Les exemples ne manquent pas. Isabelle Margot-Jacq, adjointe au maire de Bullion, n’a certes jamais connu de conflits qui en soient « venus aux mains ». Mais des « discussions un peu chaudes », ça arrive régulièrement. A Thoiry, l’adjointe Anne Frelaut-N’Diaye reconnaît que les « noms d’oiseaux » peuvent fuser lorsqu’il faut intervenir à l’occasion d’un « problème de voisinage » ou signaler à un automobiliste qu’il est mal stationné. Des situations qui peuvent être « un peu compliquées » à gérer pour les élus locaux, reconnaît-elle. « Nous ne sommes pas des pros ! »

« Si vous ne vous sentez pas en sécurité, vous n’intervenez pas »

Alors durant deux heures, les gendarmes vont leur donner quelques techniques pour « désamorcer un conflit » et « gérer pacifiquement toutes les crises, sans violence », souligne l’adjudant Sébastien A.. La première chose à faire, quand un élu est sollicité, c’est d’analyser la situation pour savoir s’il doit intervenir. « Si vous ne vous sentez pas en sécurité, vous n’intervenez pas et vous faites le 17 », insiste le négociateur de la gendarmerie. Lorsqu’une « petite manifestation » est organisée devant une mairie, il est important de « repérer et d’identifier le meneur, le fauteur de troubles » et de « l’isoler » pour « le faire redescendre » et instaurer « un dialogue », poursuit le maréchal des logis-chef Cyril B.. 

Il faut ensuite, dit-il, se « synchroniser » avec cette personne. « On se regarde dans les yeux, on n’essaie pas de prendre le dessus sur elle, de se mettre plus haut qu’elle. Il faut vraiment se mettre à son niveau. » L’objectif est de « susciter de l’empathie et de créer un lien de confiance avec elle ». Surtout, poursuit le gendarme, « écouter est ce qu’il y a de plus important pour désamorcer un conflit ». Les formateurs listent ensuite les erreurs à éviter. « Ne promettez rien, avertit le maréchal des logis-chef.
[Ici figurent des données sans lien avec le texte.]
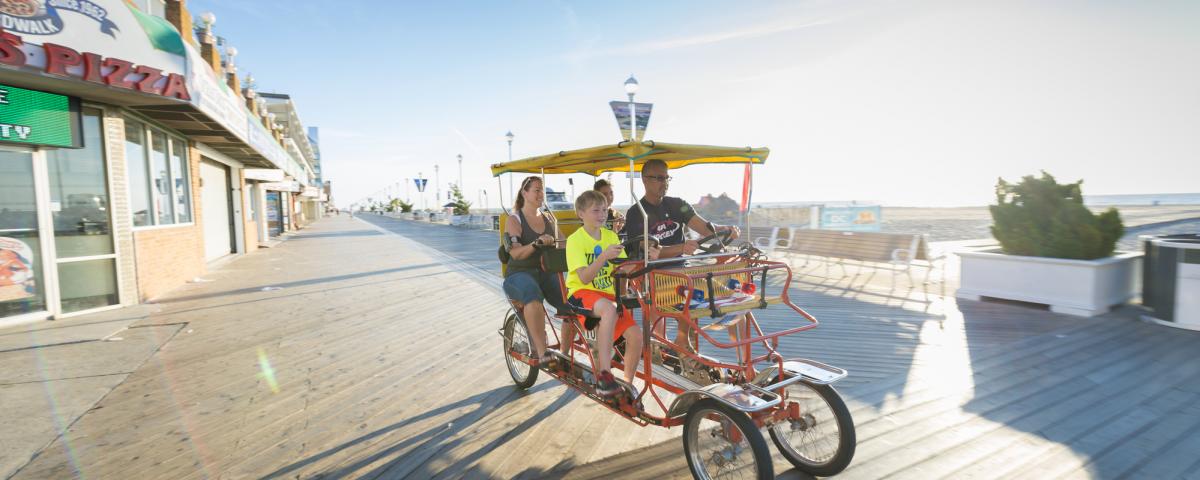 Surrey Ride on Ocean City Boardwalk family on pedal surrey on Ocean City Boardwalk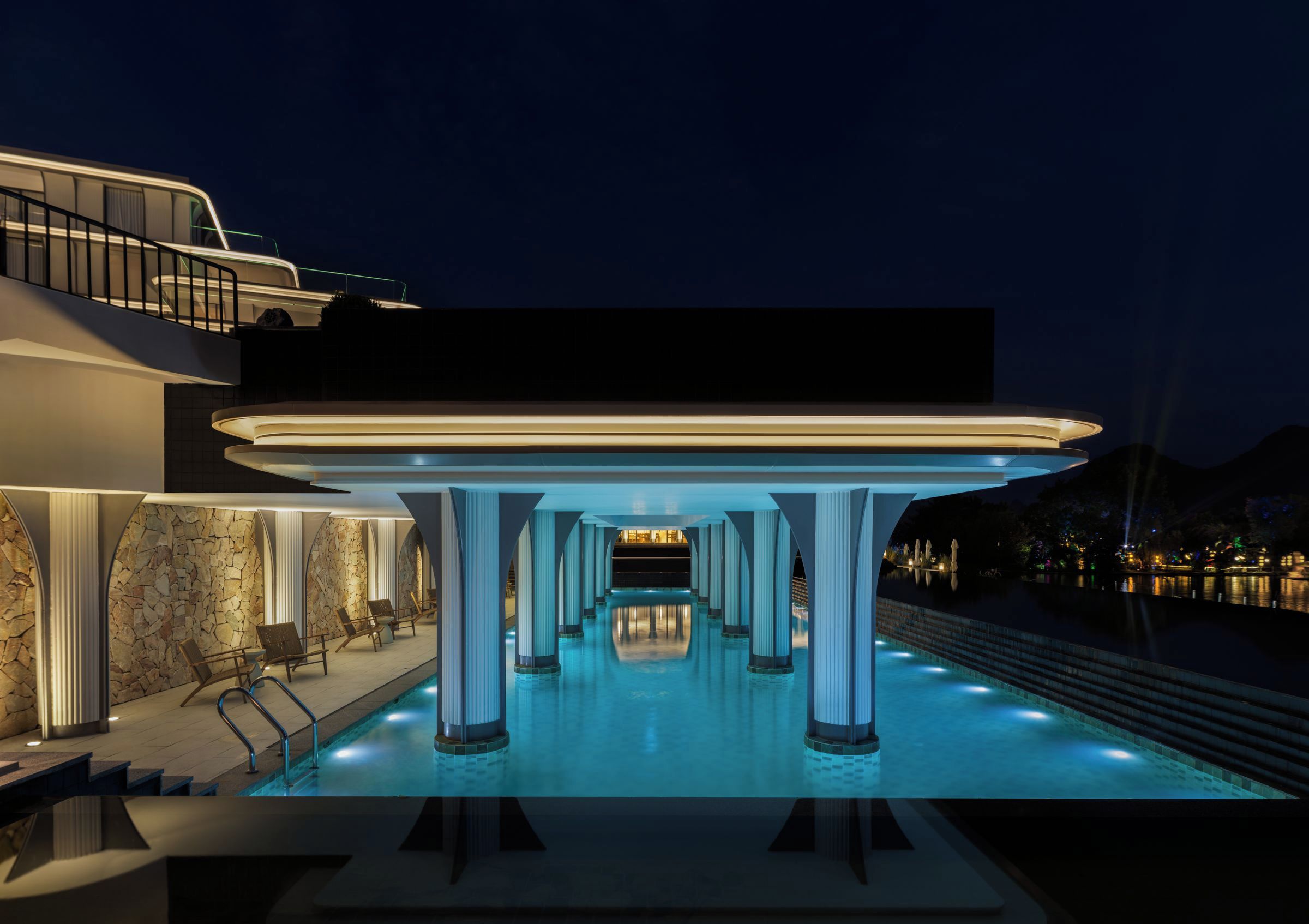 A modern building with a pool area, columns, and a staircase leading to a balcony.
Vous suggérer des choses, vous amenez peut-être une solution. » Il faut aussi éviter à tout prix d’« humilier la personne », de « rectifier les erreurs », de « donner des conseils personnels », d’« être menaçant » ou de « porter des jugements », complète l’adjudant Sébastien A..  

«Quand je suis énervée, je suis en situation de faiblesse »

Maire de Lévis-Saint-Nom, Anne Grignon voudrait savoir comment mieux gérer le stress. « Quand je suis énervée, je suis en situation de faiblesse », explique-t-elle. « Une fois, je me baladais en forêt. Une motocross est passée, puis une deuxième. Pour la troisième, je n’ai pas bougé, je suis restée devant lui. J’étais énervée, le monsieur en face de moi encore plus. Il m’a demandé de bouger… et, à la fin, il m’a craché dessus. » Sébastien A. rappelle « qu’à partir du moment où il y a une difficulté, il faut reculer et faire le 17 ». « Est-ce que ça vaut le coup de se faire cracher dessus ? La réponse est non… » 

La formation se termine par un cas pratique. A tour de rôle, les élus se mettent dans la peau d’un maire confronté à un administré énervé et tentent d’appliquer les conseils distillés par les gendarmes.

Bilan ? « Il y a beaucoup de choses que l’on connaît ou qui relèvent du bon sens, mais ça ne mange pas de pain de les rappeler », note Anne Frelaut-N’Diaye, qui a trouvé la formation « plutôt pas mal ». Après l’été, la gendarmerie entend mettre en place de nouvelles formations à destination des élus. Elles concerneront cette fois les questions de cybersécurité.